Speech to text

A city that’s legible is easy to understand and to navigate, i.e. to read. You can read a city’s people, moods, signs, and what it denotes and connotes. In a previous post I explored the prospect that you might write a city, as well as read it. According to this theory, a city participates in basic linguistic and literary processes of reading and writing: involving meaning, alliteration, metaphor, grammar, syntax, translation, obfuscation, truth, falsehood, ellipsis, etc.

Extending the writing trope further, the city also provides a medium for hidden writing. Hence my willingness to associate reading and writing the city with cryptography.

But there’s more. If you can write a city, then you can also sing it, or recite it (as a poem), or simply speak it. I follow Jacques Derrida as a language oriented philosopher in acknowledging the intimate connection between reading, writing and speaking.
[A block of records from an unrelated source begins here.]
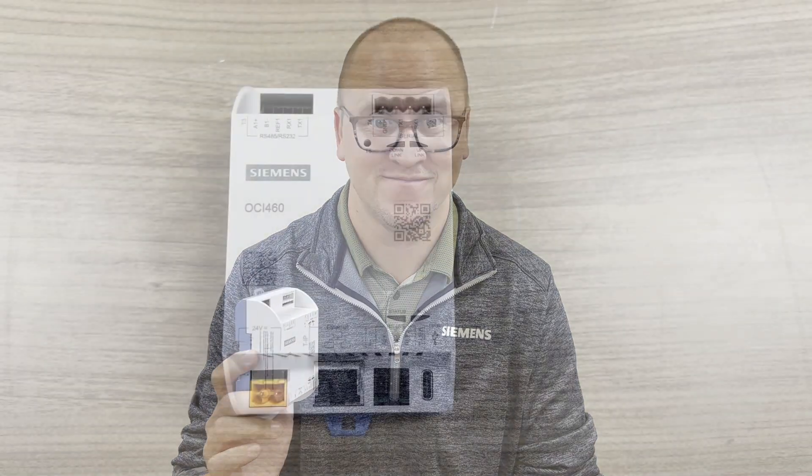The OCI 460.10 is a Modbus interface module for the LME7 flame safety to communicate to a PLC or an HMI. Let's review how to use it.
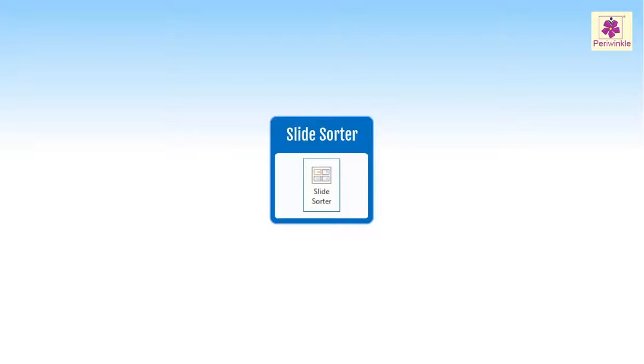As we can see all slides together, it helps in rearranging them. We just have to click and drag the slides to the new location.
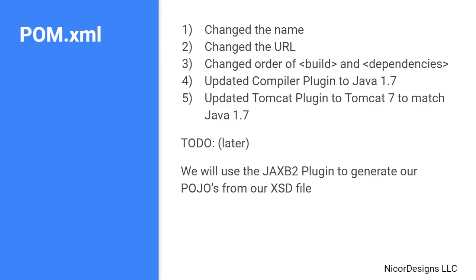Before we jump into coding, let's review and look at what is still to come. We have now seen how the Spring Web Services project was generated from the Maven archetype inside IntelliJ. We had a look at all the elements generated in the pom.xml.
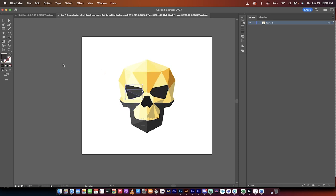So there you go. This is how we create amazing vector art, vector logos in under two minutes. Thanks for watching.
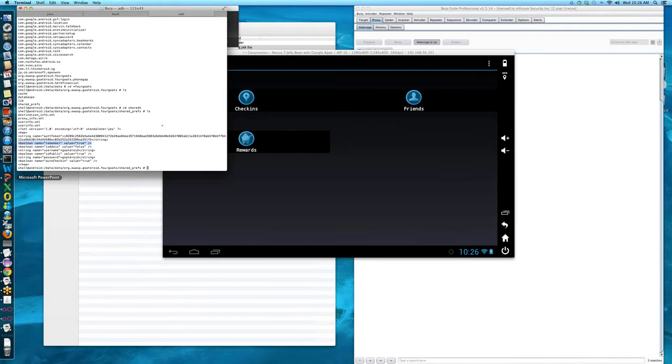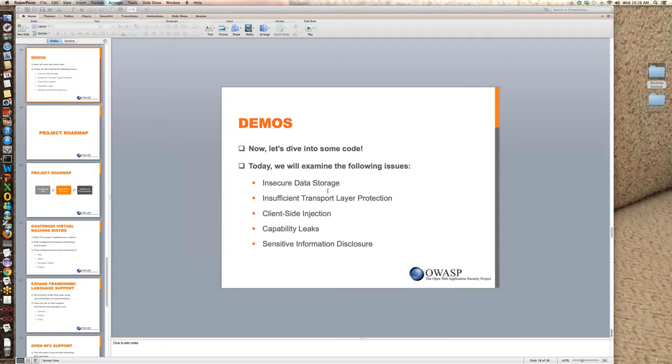There's definitely a lot more bugs in here than I can get through in an hour, so I definitely encourage you to go back and take a look on your own. The next one is insufficient transport layer protection.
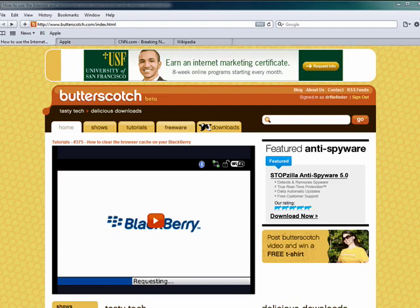Hi, this is Mike Callahan, Dr. FileFinder, and welcome back to our special Butterscotch.com 10-part series on Safari. In this segment, we're going to look briefly at bookmarks.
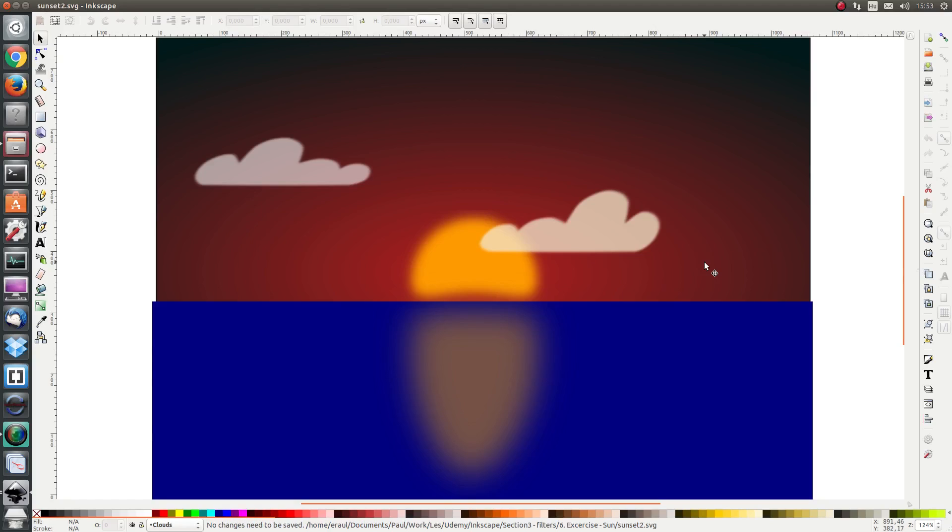Hello everybody and welcome to the next follow along exercise. In this follow along exercise we are going to use filters to refine our drawing which we made. So let's get started.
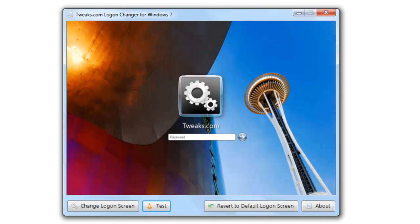If you have any problem with that, just swing by my forum and I can explain it in better detail. Just go to the folder it says it's having trouble writing to because it's read only, and delete everything out of that folder. It's just a wallpaper backup thing. So if you're really uncomfortable with that, copy and paste it into something else first.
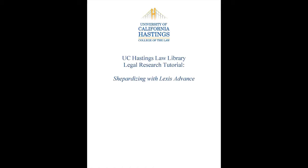This tutorial introduces you to Shepardizing on Lexis Advance. Shepard's is Lexis' citation system for retrieving cases that have cited your case. It's a way to see if your case has been criticized, overruled, approved, and followed. It's also a way to see how other courts with different facts have treated the particular rule of law that you're interested in.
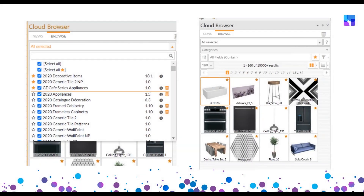Some of my favorite features — and what I consider real time savers — is when you can set your preferred catalogs to the cloud browser under the favorite category, simply by clicking on the star next to the catalog name in order to pin it to the top position of the list. No need to scroll down the entire list to get your favorite ones.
Previously, I explored how scholars associate the city with the technologies of writing and print, e.g. the printing press as enabler of architectural knowledge, and thoughts about form, pattern, arrangement and re-arrangement. I’d like to extend the scope of this investigation to the digital apparatuses of speech-to-text translation. Smartphones and laptops convert spoken words into written text automatically. Does speech-to-text technology impact the architecture of the city?

Automated writing

In my previous post I explored how signal processing in tandem with hidden Markov model (HMM) procedures extracts chord structures from audio music clips. Similar techniques apply to automated translation of speech audio into printed text, as in the case of automated dictation, voice activated commands, automated transcriptions, as well as automated closed captions, subtitles and translations between languages. The field is referred to as ASR: automated speech recognition.
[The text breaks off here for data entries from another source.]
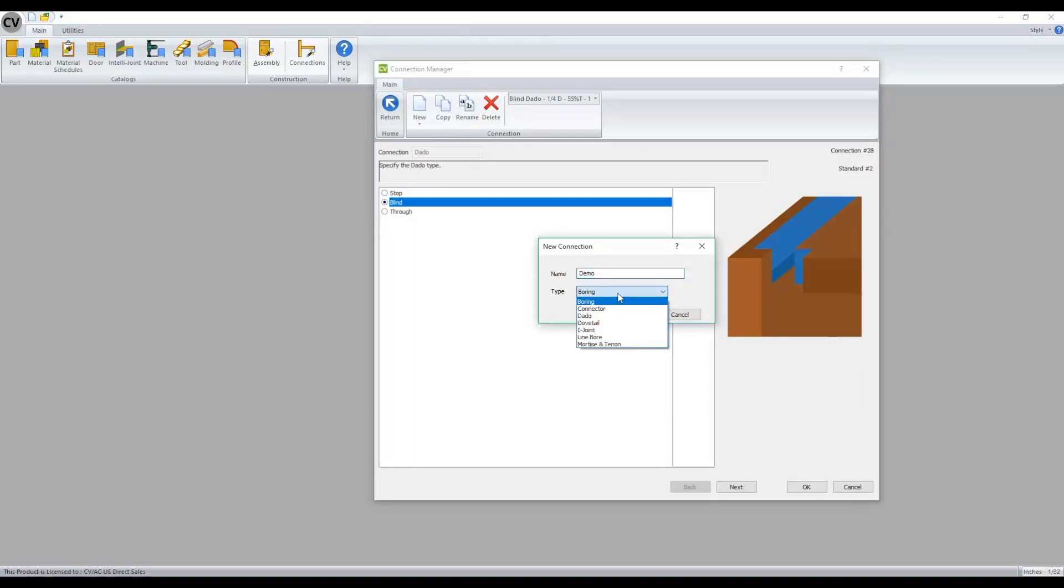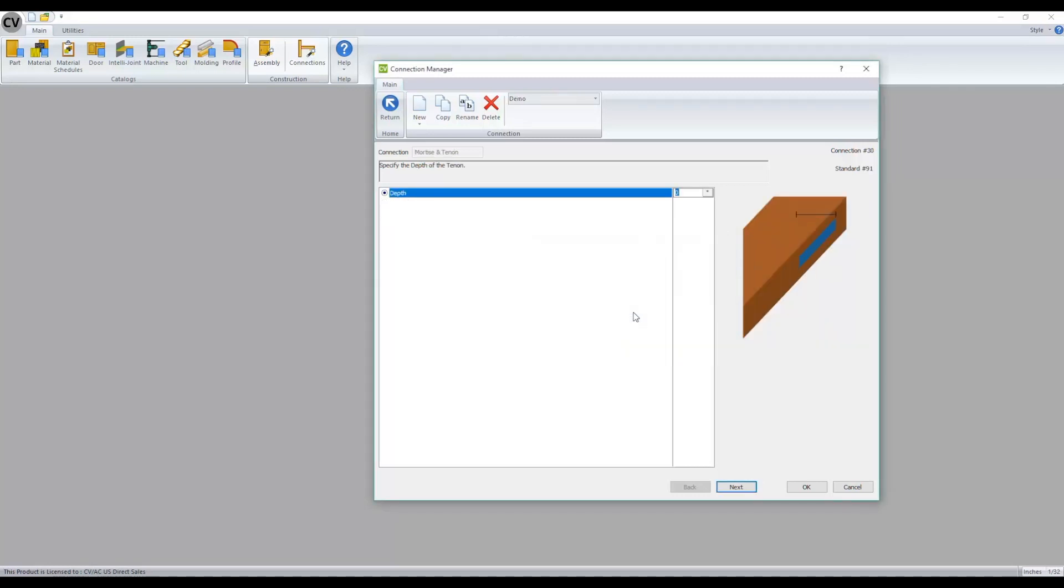You will notice there's a new option here for a type of operation called mortise and tenon. In the past, we saw blind dados, but now we actually can do a true mortise and tenon.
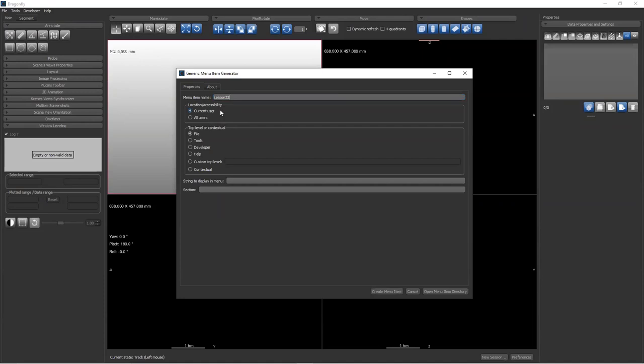We're going to name our menu item. I'll call this 'Lesson 32 Demo Menu Item.' The exercise we're doing is: we're going to take a list of rulers that a user has made measurements with in Dragonfly, and then export all of those rulers to a CSV, or comma-separated value file. So this is called 'Lesson 32 Demo Menu Item — Export Ruler Properties to CSV.'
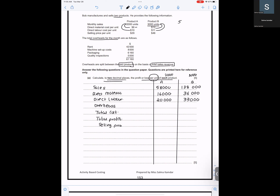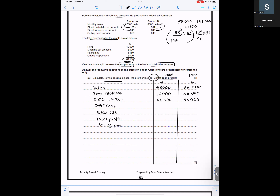Overheads are split on the basis of total sales revenue, which is 58,000 and 138,000 — a ratio of 58:138. Total is 196. So for Product A: 58/196 × 61,160 = 18,098, which is Working 1. For Product B: 138/196 × 61,160 = 43,062.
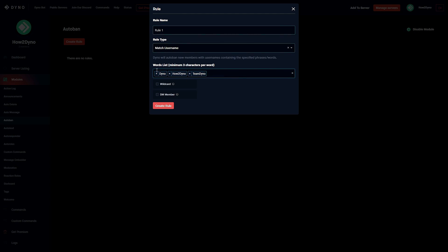But with this on, Dyno will go ahead and sift through that username and find How to Dyno and auto ban that user for having that word or phrase in their username. Luckily with this option enabled it's not too dangerous since Dyno does not allow you to add one to two letter word options.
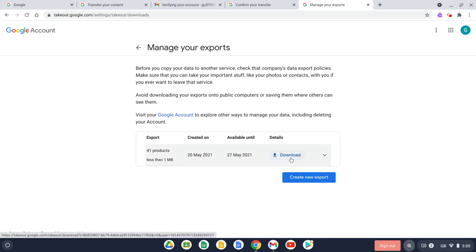And as soon as our export is ready, we just need to press Download to download it to our computer. Well, I hope this video is useful for you, and if you've got any questions please do get in touch. Thanks for watching.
Here’s my understanding of ASR — much simplified. Signal processing software turns a speech audio clip into spectral information, i.e. a sequence of spectral signatures indicating frequency distributions. A human being or machine inspecting the changes in spectral distribution across a sentence will notice discrete patterns. These patterns represent discrete phones. Linguists have established phones as the basic units of spoken language. Early in the translation procedure, text-to-speech software has to identify the sequence of phones in a speech audio clip.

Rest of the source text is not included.